当農場は、昭和40年10月に当時蔓延していたモザイク病やわい化病の被害軽減化による農家収入の高位安定化のため、国・県・市町村等での3段階組織による種苗増殖役割の頂点となる健全無病の優良種苗である原原種の生産・配布を目的に、さとうきび原原種農場として設置されたものであり、高品質の原原種を供給する役割を担っている。
現在、さとうきび原原種の生産は、当農場と沖縄農場の2農場で実施しており、鹿児島県及び沖縄県のさとうきび生産振興計画に基づいて、生産する品種並びに数量を決定している。
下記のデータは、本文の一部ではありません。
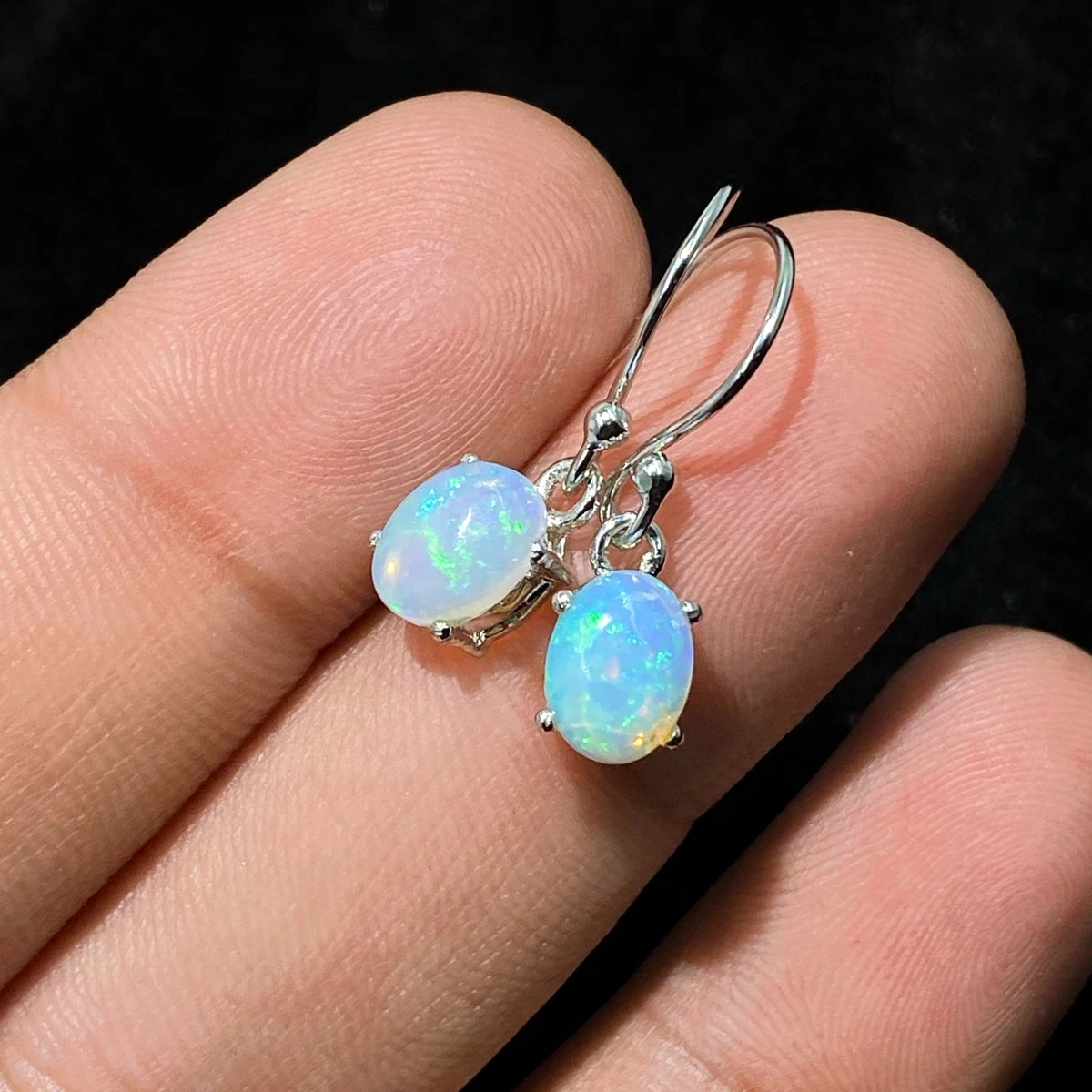 SILVEGO Orecchini CLARISSA In Argento 925 Con Opale Sintetico: Eleganza Senza Tempo, Colore Bianco O Blu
前述したようにさとうきびは増殖率が低く、種苗伝搬性病害に罹病したものは病害防除が困難なことから、増殖の基本となる健全無病な元種を作出確保し、増殖段階ごとに徹底した検定による淘汰と、万全を期した感染防止対策の実施によって無病種苗の生産を行っている。
また、種苗の持つべき品質として、品種特性の保持と発芽性に優れた能力が求められることから、栽培期間中を通した肥培管理や病害虫防除の徹底と収穫時の選別が必要となる。
なお、新品種等の優良品種の早期普及に当たっても、育種機関での奨励品種検定試験供試段階から導入して、無病化した元種の予備増殖を行い奨励品種採用決定後の配布開始に備えている。
(1) 原原種生産に至るまでの増殖段階と病害検定について
農場における無病種苗の生産体系は、増殖及び検定の効率化の観点から基本ほ・増殖ほ・原原種ほの3段階による増殖体系をとっており、増殖段階・種苗伝搬性病害ごとに検定と防除を実施している。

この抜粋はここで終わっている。